## THE INPUT

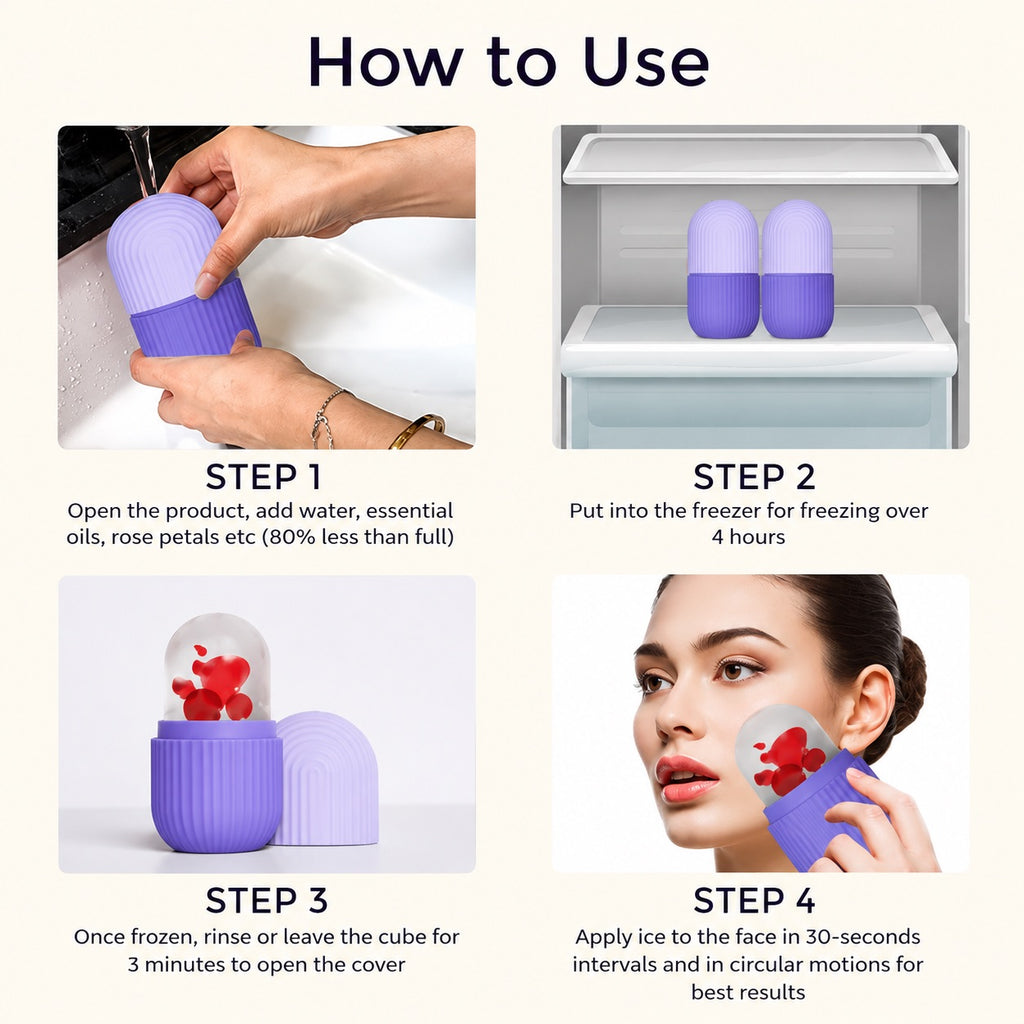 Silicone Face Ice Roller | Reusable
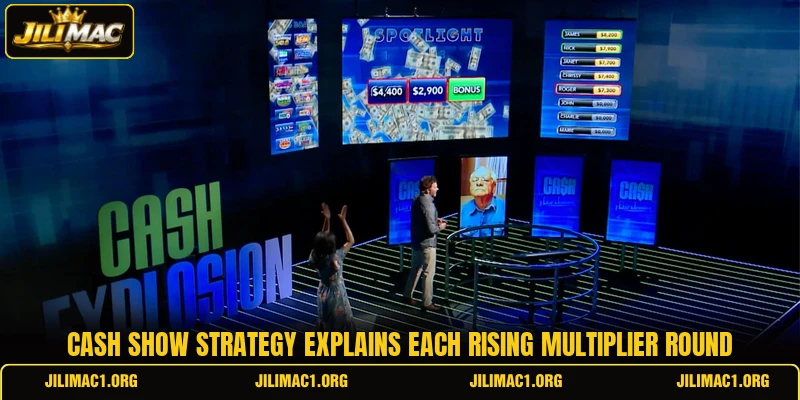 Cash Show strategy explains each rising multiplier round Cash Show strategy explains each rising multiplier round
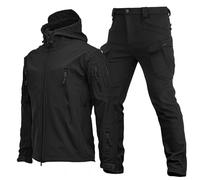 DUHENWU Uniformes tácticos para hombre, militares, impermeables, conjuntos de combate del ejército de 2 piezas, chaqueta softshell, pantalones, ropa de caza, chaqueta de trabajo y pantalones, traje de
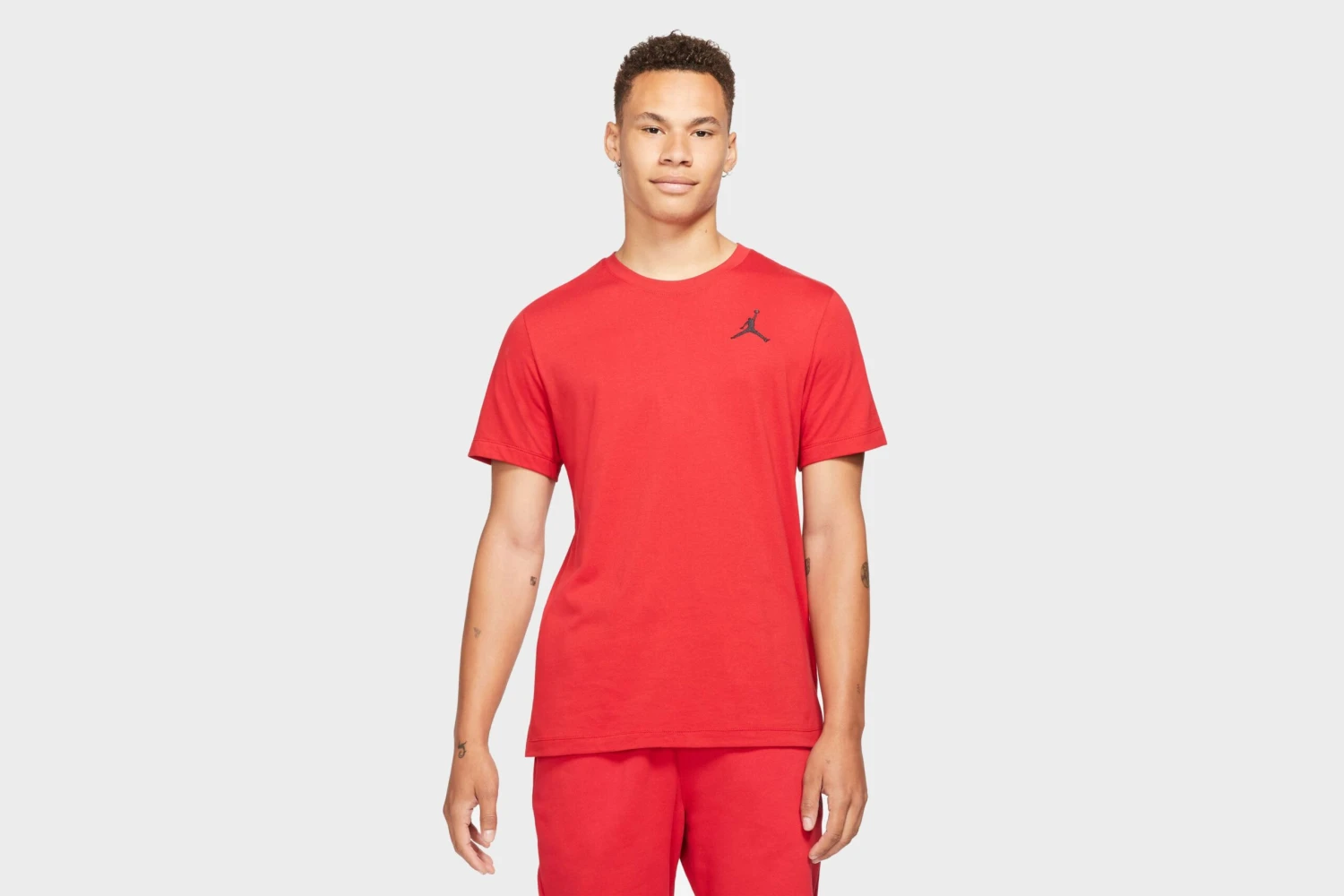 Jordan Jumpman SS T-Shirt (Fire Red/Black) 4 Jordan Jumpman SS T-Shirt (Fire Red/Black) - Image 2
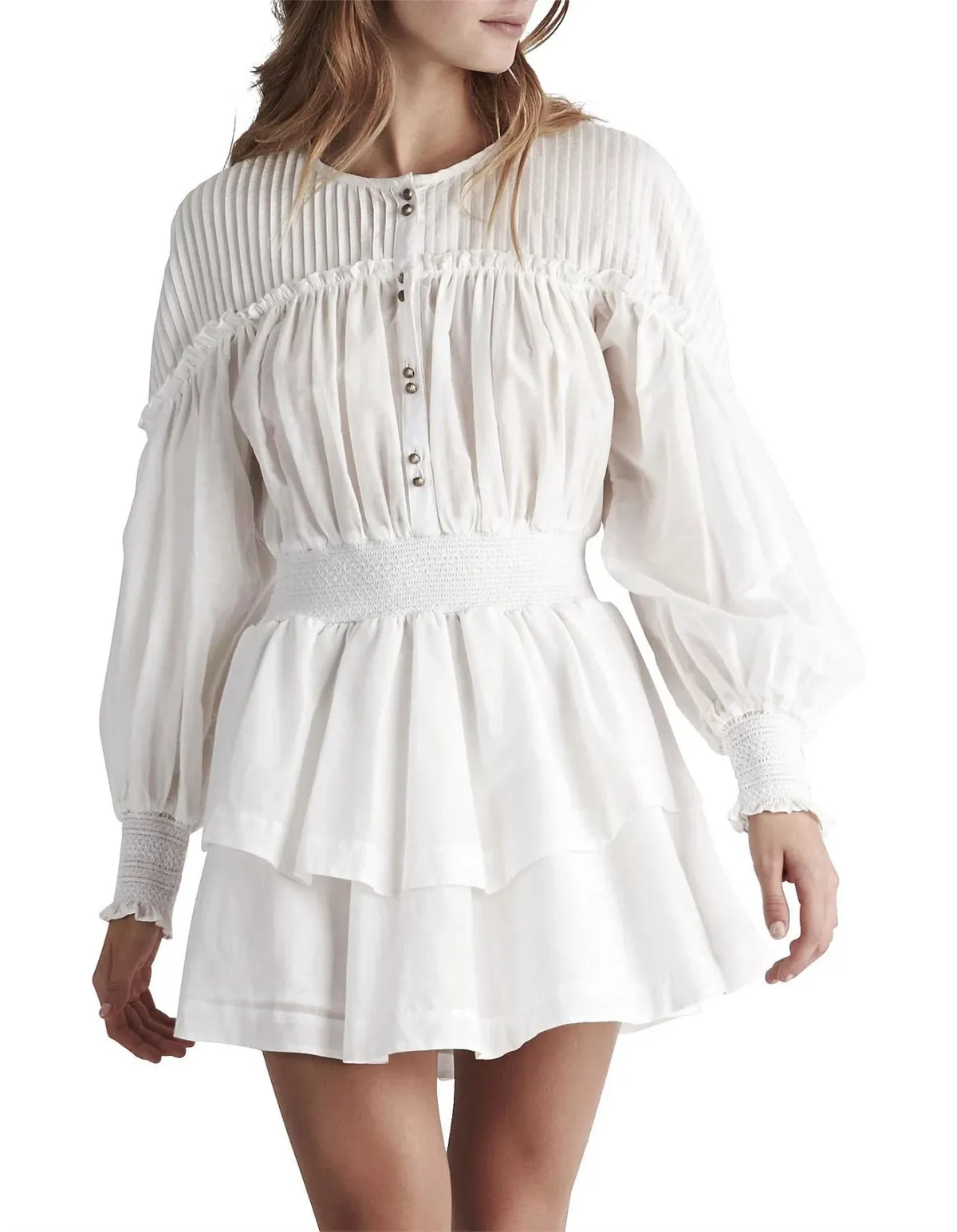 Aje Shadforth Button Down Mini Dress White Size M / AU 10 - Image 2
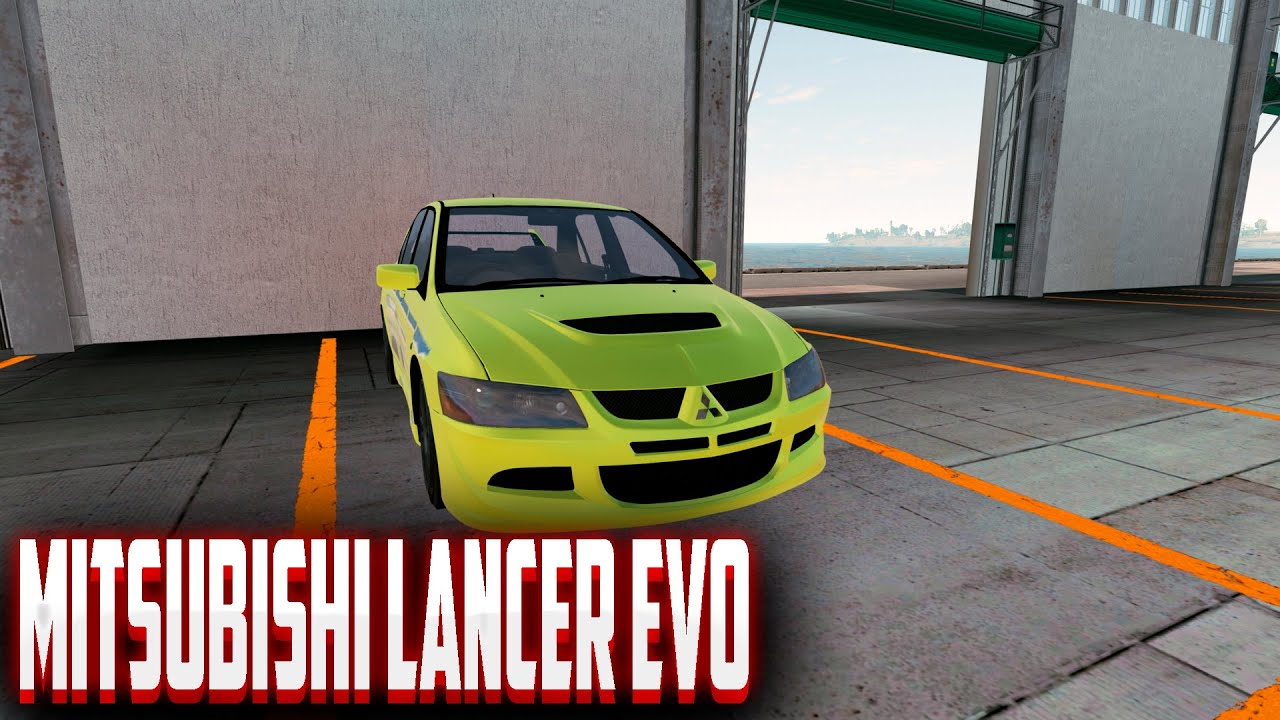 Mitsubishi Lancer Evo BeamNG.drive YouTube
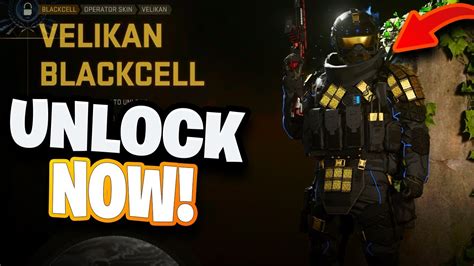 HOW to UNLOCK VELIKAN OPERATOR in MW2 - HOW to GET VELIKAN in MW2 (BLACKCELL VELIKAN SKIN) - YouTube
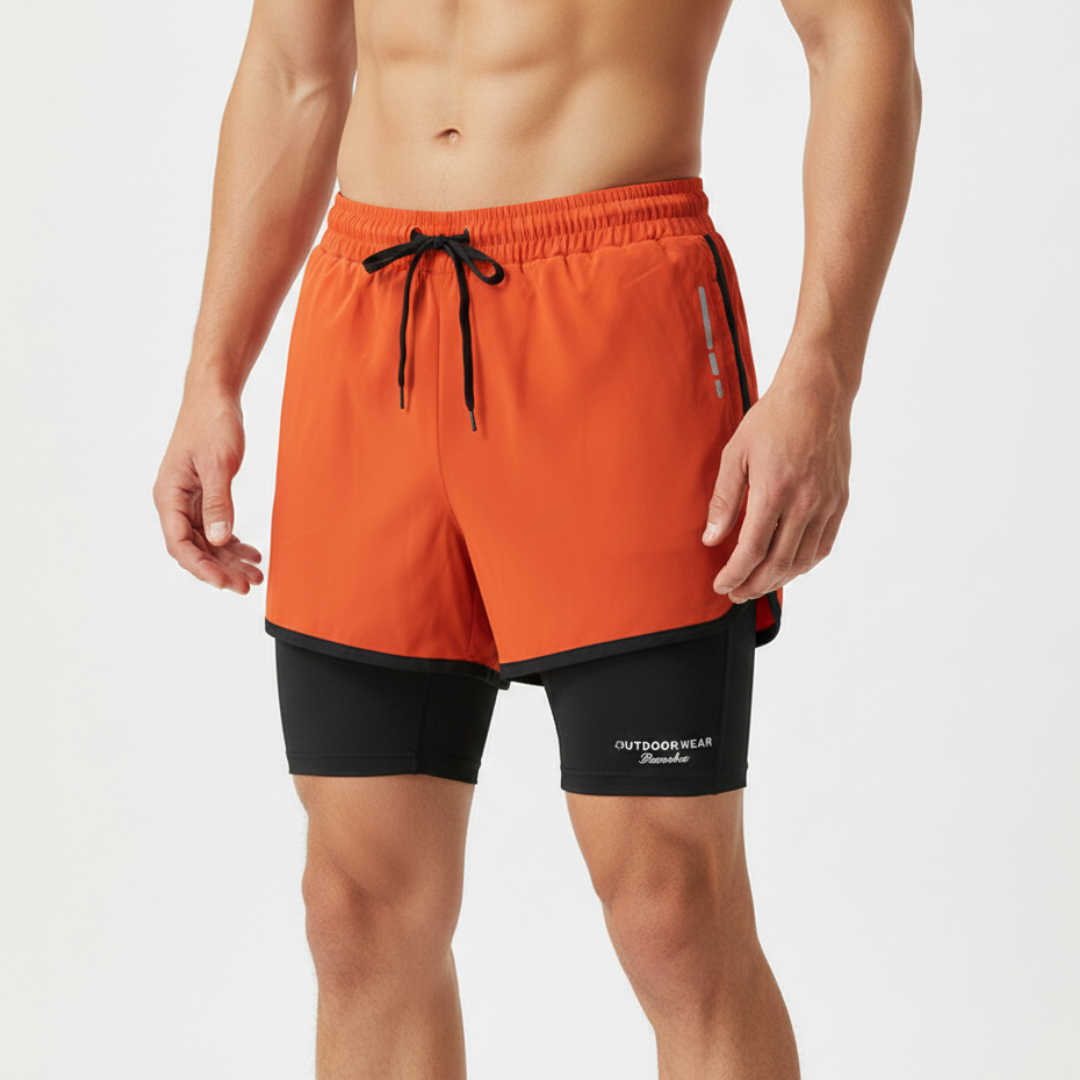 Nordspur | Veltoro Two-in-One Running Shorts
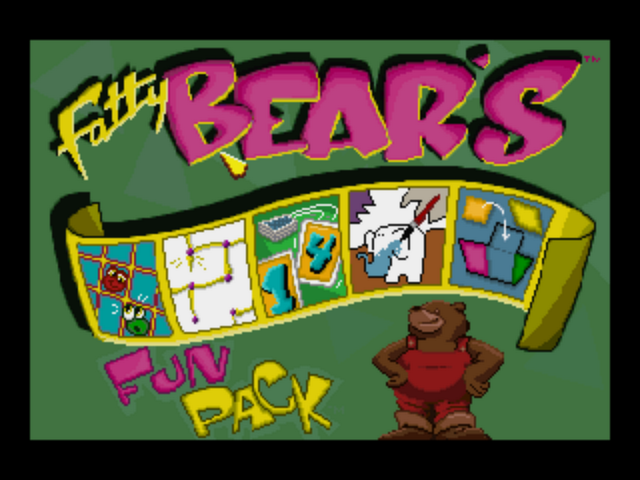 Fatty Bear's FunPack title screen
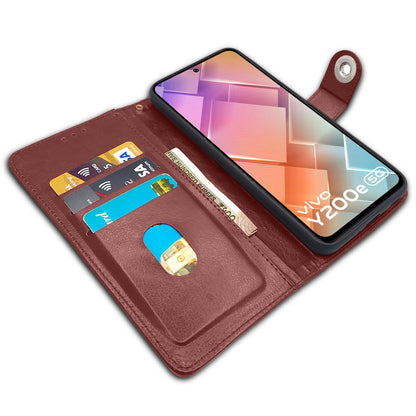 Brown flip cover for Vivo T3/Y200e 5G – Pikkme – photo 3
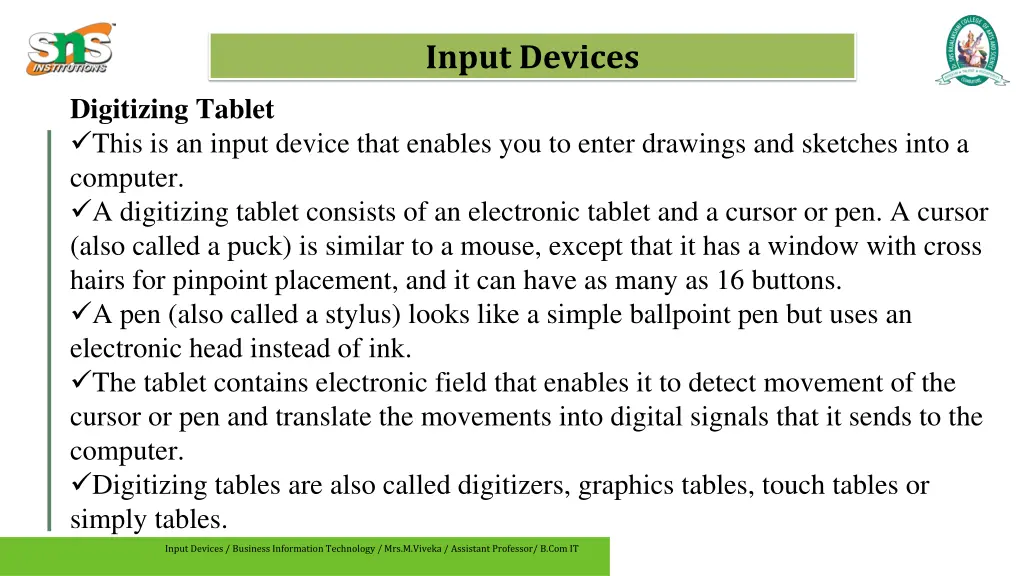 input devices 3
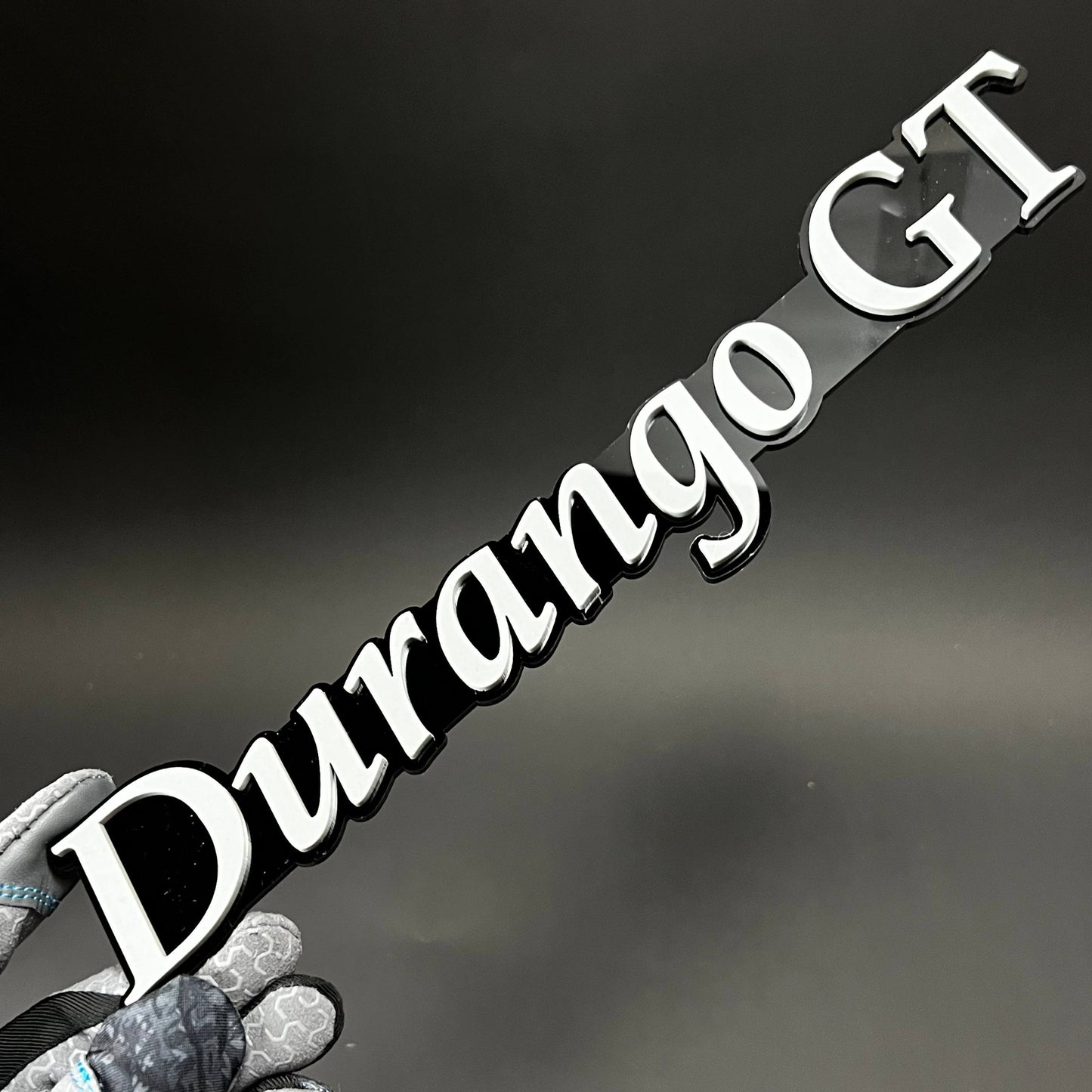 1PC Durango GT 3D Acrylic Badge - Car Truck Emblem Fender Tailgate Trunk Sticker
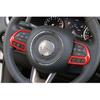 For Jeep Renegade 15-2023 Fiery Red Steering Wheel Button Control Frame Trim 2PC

## ASSIGNMENT
In the reply, each line of the data must appear exactly as written, and no picture may appear.

## ANSWER SPACE
 Silicone Face Ice Roller | Reusable
 Cash Show strategy explains each rising multiplier round Cash Show strategy explains each rising multiplier round
 DUHENWU Uniformes tácticos para hombre, militares, impermeables, conjuntos de combate del ejército de 2 piezas, chaqueta softshell, pantalones, ropa de caza, chaqueta de trabajo y pantalones, traje de
 Jordan Jumpman SS T-Shirt (Fire Red/Black) 4 Jordan Jumpman SS T-Shirt (Fire Red/Black) - Image 2
 Aje Shadforth Button Down Mini Dress White Size M / AU 10 - Image 2
 Mitsubishi Lancer Evo BeamNG.drive YouTube
 HOW to UNLOCK VELIKAN OPERATOR in MW2 - HOW to GET VELIKAN in MW2 (BLACKCELL VELIKAN SKIN) - YouTube
 Nordspur | Veltoro Two-in-One Running Shorts
 Fatty Bear's FunPack title screen
 Brown flip cover for Vivo T3/Y200e 5G – Pikkme – photo 3
 input devices 3
 1PC Durango GT 3D Acrylic Badge - Car Truck Emblem Fender Tailgate Trunk Sticker
 For Jeep Renegade 15-2023 Fiery Red Steering Wheel Button Control Frame Trim 2PC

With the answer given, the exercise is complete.